As a biology major at the University of Maryland, College Park, Thierer’s diverse research projects ranged from the ethylene hormone signaling pathway in algae to cholera epidemiology. He liked research because although there were absolute properties of science, you could still question and challenge through hypotheses. You could make discoveries, but remain quantitative.

His rotations in Hopkins’ CMDB program included a yeast lab with Kyle Cunningham, Ph.D.; an in vitro RNA lab with Sarah Woodson, Ph.D.; and a neurobiology lab with Marnie Halpern, Ph.D. “I think this is a good way to ensure people make an educated decision, and it allows you time to learn lots of different techniques,” he adds. After his rotations he decided to join Steven Farber, Ph.D.’s lab at the Carnegie Institute because it combined his dual interests in zebrafish and cardiovascular disease.

There was a lot that could have gone wrong with the work, he says. For example, the glowing protein could have blocked cholesterol instead of mirroring it. But it didn’t, and they’re testing drugs constantly to make progress in cardiovascular disease treatment. And while he is thrilled with the work that’s been coming out of the lab, he emphasizes that in no way could he have done it alone.

“This is not just my work. A huge number of people have been involved. It has ballooned to encompass many professors, graduate students, and postdocs. It’s a growing team,” he says.

Next steps

Thierer has submitted his thesis and will receive his diploma in December. He’ll still be working at Carnegie for the next several months on this project. After that, he may continue working with zebrafish as a postdoc, or get involved with an independent research position.

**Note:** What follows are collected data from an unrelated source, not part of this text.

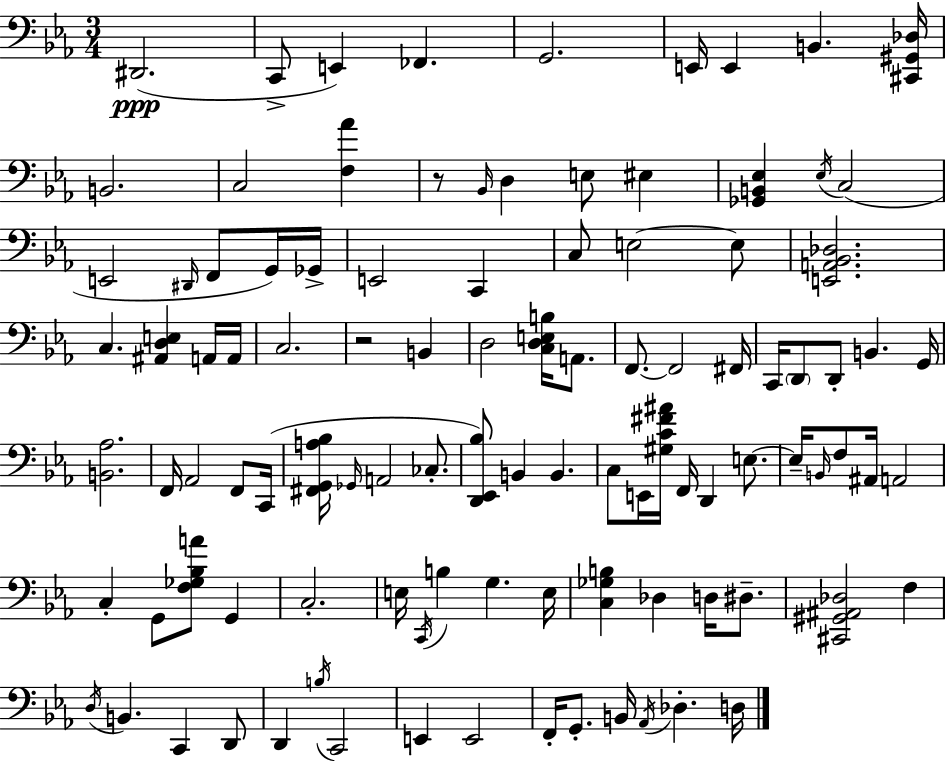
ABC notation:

X:1
T:Untitled
M:3/4
L:1/4
K:Cm
^D,,2 C,,/2 E,, _F,, G,,2 E,,/4 E,, B,, [^C,,^G,,_D,]/4 B,,2 C,2 [F,_A] z/2 _B,,/4 D, E,/2 ^E, [_G,,B,,_E,] _E,/4 C,2 E,,2 ^D,,/4 F,,/2 G,,/4 _G,,/4 E,,2 C,, C,/2 E,2 E,/2 [E,,A,,_B,,_D,]2 C, [^A,,D,E,] A,,/4 A,,/4 C,2 z2 B,, D,2 [C,D,E,B,]/4 A,,/2 F,,/2 F,,2 ^F,,/4 C,,/4 D,,/2 D,,/2 B,, G,,/4 [B,,_A,]2 F,,/4 _A,,2 F,,/2 C,,/4 [^F,,G,,A,_B,]/4 _G,,/4 A,,2 _C,/2 [D,,_E,,_B,]/2 B,, B,, C,/2 E,,/4 [^G,C^F^A]/4 F,,/4 D,, E,/2 E,/4 B,,/4 F,/2 ^A,,/4 A,,2 C, G,,/2 [F,_G,_B,A]/2 G,, C,2 E,/4 C,,/4 B, G, E,/4 [C,_G,B,] _D, D,/4 ^D,/2 [^C,,^G,,^A,,_D,]2 F, D,/4 B,, C,, D,,/2 D,, B,/4 C,,2 E,, E,,2 F,,/4 G,,/2 B,,/4 _A,,/4 _D, D,/4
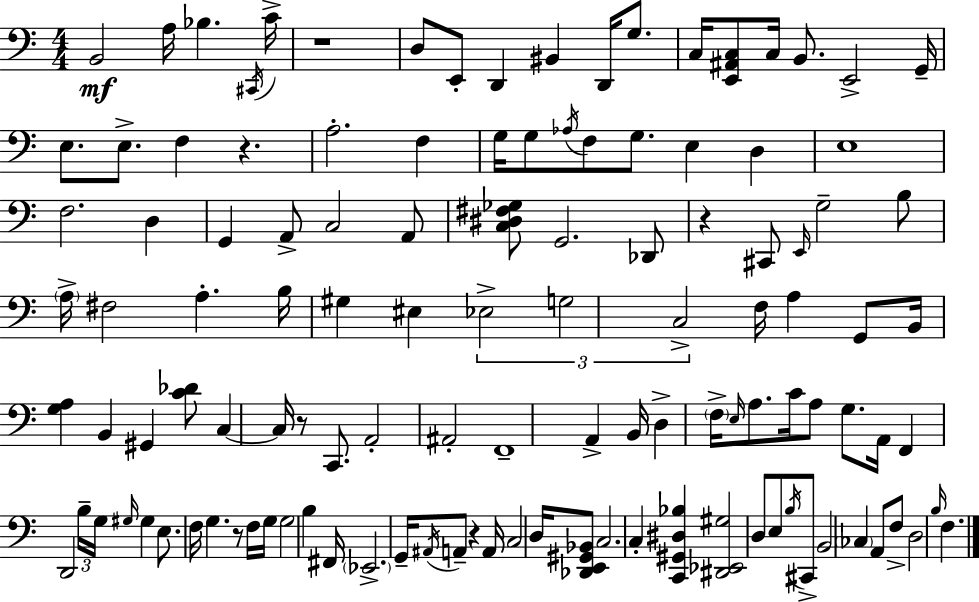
X:1
T:Untitled
M:4/4
L:1/4
K:Am
B,,2 A,/4 _B, ^C,,/4 C/4 z4 D,/2 E,,/2 D,, ^B,, D,,/4 G,/2 C,/4 [E,,^A,,C,]/2 C,/4 B,,/2 E,,2 G,,/4 E,/2 E,/2 F, z A,2 F, G,/4 G,/2 _A,/4 F,/2 G,/2 E, D, E,4 F,2 D, G,, A,,/2 C,2 A,,/2 [C,^D,^F,_G,]/2 G,,2 _D,,/2 z ^C,,/2 E,,/4 G,2 B,/2 A,/4 ^F,2 A, B,/4 ^G, ^E, _E,2 G,2 C,2 F,/4 A, G,,/2 B,,/4 [G,A,] B,, ^G,, [C_D]/2 C, C,/4 z/2 C,,/2 A,,2 ^A,,2 F,,4 A,, B,,/4 D, F,/4 E,/4 A,/2 C/4 A,/2 G,/2 A,,/4 F,, D,,2 B,/4 G,/4 ^G,/4 ^G, E,/2 F,/4 G, z/2 F,/4 G,/4 G,2 B, ^F,,/4 _E,,2 G,,/4 ^A,,/4 A,,/2 z A,,/4 C,2 D,/4 [_D,,E,,^G,,_B,,]/2 C,2 C, [C,,^G,,^D,_B,] [^D,,_E,,^G,]2 D,/2 E,/2 B,/4 ^C,,/2 B,,2 _C, A,,/2 F,/2 D,2 B,/4 F,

Regardless, he’d advise potential students considering Hopkins to find something they’re passionate about: If you truly care about your work, he says, everything else will fall into place. Also that Hopkins’ rotations serve as a wonderful way to try out new research experiences and not limit yourself. And finally, don’t fear “imposter syndrome,” because it’s a lot more common than you think.

“I think if you care about something and work hard, nothing is going to keep you from succeeding,” Thierer says.